Reflecting on the idea of coziness, I see people creating it in different, though interconnected, spheres of daily life.

How to Connect With Others

Connecting with loved ones, friends, and others contributes to a sense of security, comfort, and joy for most of us. It helps to conquer the dark-season blues (aka seasonal affective disorder).

Yes, COVID has made it challenging for some us to have face-to-face human connection—and also exposed the sometimes-rough edges of family “closeness” during in-home quarantine! Chatting in person outdoors at a 10- to 12-foot distance for “driveway dining,” exercising outside, or while our dogs romp in the local dog park becomes less feasible during the colder months.

However, virtual get-togethers through a video-conferencing platform have offered many of us a lifeline for connecting with loved ones, meeting with healthcare professionals, managing our work lives, and enabling millions of children to attend virtual school. Book clubs, quilting guilds, and "knit-alongs" have continued meeting and socializing virtually.
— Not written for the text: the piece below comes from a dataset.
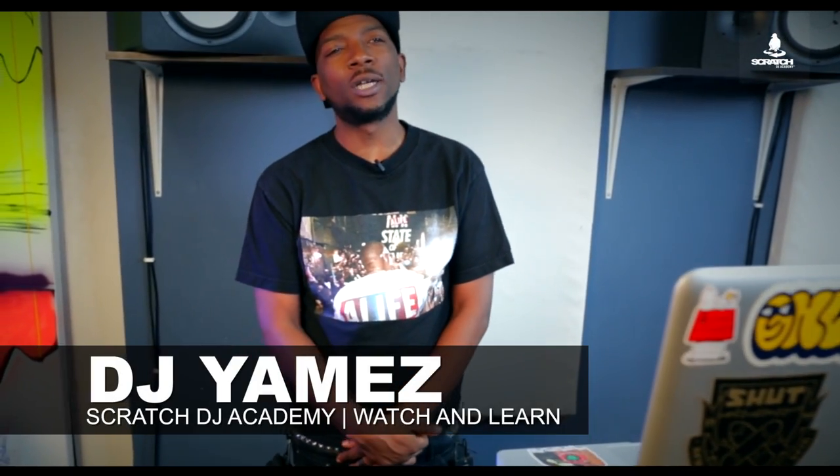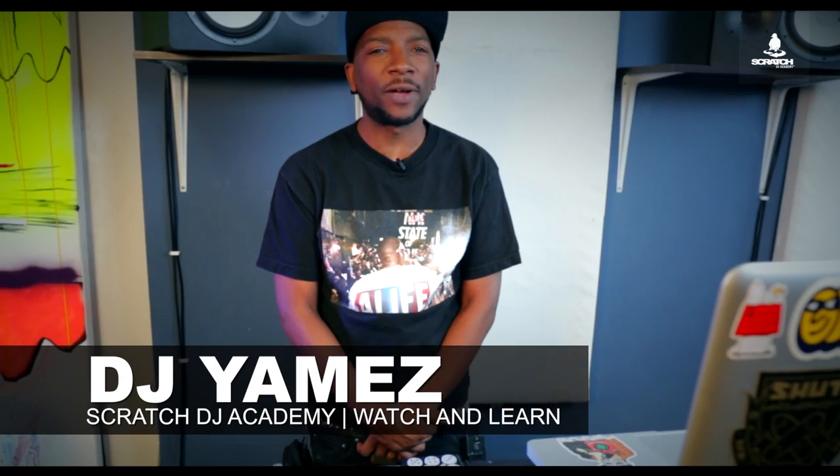And that was the Dicer. I'm DJ Yamez. Thank you to Scratch DJ Academy for having me. I hope the routine was informative.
  • Some friends have a weekly dinner via Zoom, enjoying food and drinks with each other. It may seem awkward at first but you soon forget about the screen and enjoy some of the same conversations and laughter that you did in person. Other families hold a weekly church service, chatting afterwards over coffee just as they would in person. Try something like this!
  • Encourage family and friends to share videos and photos by sharing your own. I've purchased a camera and discovering the joy of photography.  I’ve loved seeing videos/photos of people’s first attempts at cooking from scratch, baking bread, home barbering, dog grooming, home repairs gone awry, and more. 
  • Despite its flaws, I love Twitter, and have valued it especially during the pandemic. I follow folks who have perspectives both similar to and different from mine, as well as many people with deep expertise in a variety of specialties: nature photography, gardening, politics, and medicine. They answer my questions or point me to sources who can, and link me to interesting articles, scientific studies, and other interesting people.
  • I enjoy the way social media generates spontaneous discussions and friendships. It also links to live debates and workshops. Last summer, I participated in a Twitter short course on backyard fruit-growing, a weekly series of videos showing a Cooperative Extension fruit specialist talking about various fruits growing around his Mississippi home. So much fun! And I could follow up with questions to the specialist.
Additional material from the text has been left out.